Bölüm 23

194 22 44
                                    

"Canın yanıyor mu ?"
▪︎
▪︎
▪︎

Jungkook 🐰

"Sevgilim şimdi çok uzaklarda" diye mırıldandım. Lisa'yı şimdiden izlemiştim. Daha doğrusu aklım ondaydı çünkü polisler bizi alırken yanımıza gelebilmişti ve panikle ne olduğunu öğrenmeye çalışmıştı ama onu o kulüpte tek bırakmak canımı sıkmıştı.

"Bendeee" dedi Jennie. Sinirle karşıdaki koğuşa baktım.

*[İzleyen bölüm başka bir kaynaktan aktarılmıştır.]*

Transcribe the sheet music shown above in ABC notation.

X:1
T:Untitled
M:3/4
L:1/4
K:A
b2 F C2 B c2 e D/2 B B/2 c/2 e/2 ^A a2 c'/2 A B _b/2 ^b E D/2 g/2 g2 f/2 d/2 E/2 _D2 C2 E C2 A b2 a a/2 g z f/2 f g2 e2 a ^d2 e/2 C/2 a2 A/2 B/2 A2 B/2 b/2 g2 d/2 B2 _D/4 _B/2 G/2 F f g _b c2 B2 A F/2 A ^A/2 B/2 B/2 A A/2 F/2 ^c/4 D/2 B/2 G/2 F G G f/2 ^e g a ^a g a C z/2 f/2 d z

"Sevgilin burada Jen" dediğimde elini parmaklıklar arasından geçirdi.

"Çok uzakta" dediğinde Yoongi utangaç bir şekilde gülümsedi. Dört tane hapishane vardı ve kızlar karşımızdaki tarafta, kavga ettiğim adamlar ise hemen yanımızdakinde duruyorlardı. Sessiz sedasız bir şekilde duran Jimin'e baktım. Ayaklarını kendine çekmiş, gözleri boşluktaydı. Dokunsan ağlayacak gibi duruyordu ve ben bunun kavgadan dolayı olduğunu düşünmüyordum. Yine de en çok darbeyi o almıştı.

"Düştüğümüz şu hale bak" dedi Jisoo. Bakışlarımız ona kaydı. "Hepsi şu uğursuz yüzünden"

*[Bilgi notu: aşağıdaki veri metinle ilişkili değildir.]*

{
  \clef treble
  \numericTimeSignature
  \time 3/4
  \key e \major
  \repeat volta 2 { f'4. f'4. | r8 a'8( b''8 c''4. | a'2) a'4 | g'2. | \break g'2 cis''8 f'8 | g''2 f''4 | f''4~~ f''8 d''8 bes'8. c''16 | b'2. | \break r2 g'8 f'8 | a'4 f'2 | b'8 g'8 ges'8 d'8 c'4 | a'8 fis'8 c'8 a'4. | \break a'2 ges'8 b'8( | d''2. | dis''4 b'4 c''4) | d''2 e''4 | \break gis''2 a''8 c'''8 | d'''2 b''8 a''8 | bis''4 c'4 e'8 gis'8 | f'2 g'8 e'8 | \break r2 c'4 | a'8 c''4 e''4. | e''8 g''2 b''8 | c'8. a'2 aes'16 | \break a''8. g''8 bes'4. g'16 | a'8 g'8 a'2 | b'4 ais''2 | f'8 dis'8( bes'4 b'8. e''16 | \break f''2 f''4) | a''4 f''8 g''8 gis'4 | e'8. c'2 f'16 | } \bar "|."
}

"Bak kızım" dedi Jin sinirle parmaklıklara yanaşırken. "Sen bela mı arıyorsun? Ben ne yaptı be ? Girmeseydin kavgaya!"

"Benimle kızımlı falan konuşma alırım şimdi ayağımın altına! Tabi ki girecektim arkadaşlarım kavgadaydı" dedi sinirle.

"Asıl benim burada ne işim var?" Dedi adını bilmediğim kız. Namjoon'la beraber gelmişlerdi partiye

"Hwasa üzgünüm. Tüm bunları başına ben açtım" dedi Namjoon parmaklıklara yanaştı ve Jin'in yanında durdu. Hwasa omuz silkti.

"Sorun değil Joon. İlk defa hapse giriyorum. Aslında eğlenceli sayılır ama umarım sicilime işlemez. Okul sıkıntı olur"

"Okul mu okuyorsun ?" Dedi Hoseok şaşkınlıkla.

"Öğretmenim" dedi kız gülerek. Kafamı iki yana sallayıp Jimin'in yanındaki boş yere oturdum ve Hoseok'la Taehyung'ın konuşmalarına baktım.

"Tüm bunlar Jimin'in suçu" dedi sonunda Jennie.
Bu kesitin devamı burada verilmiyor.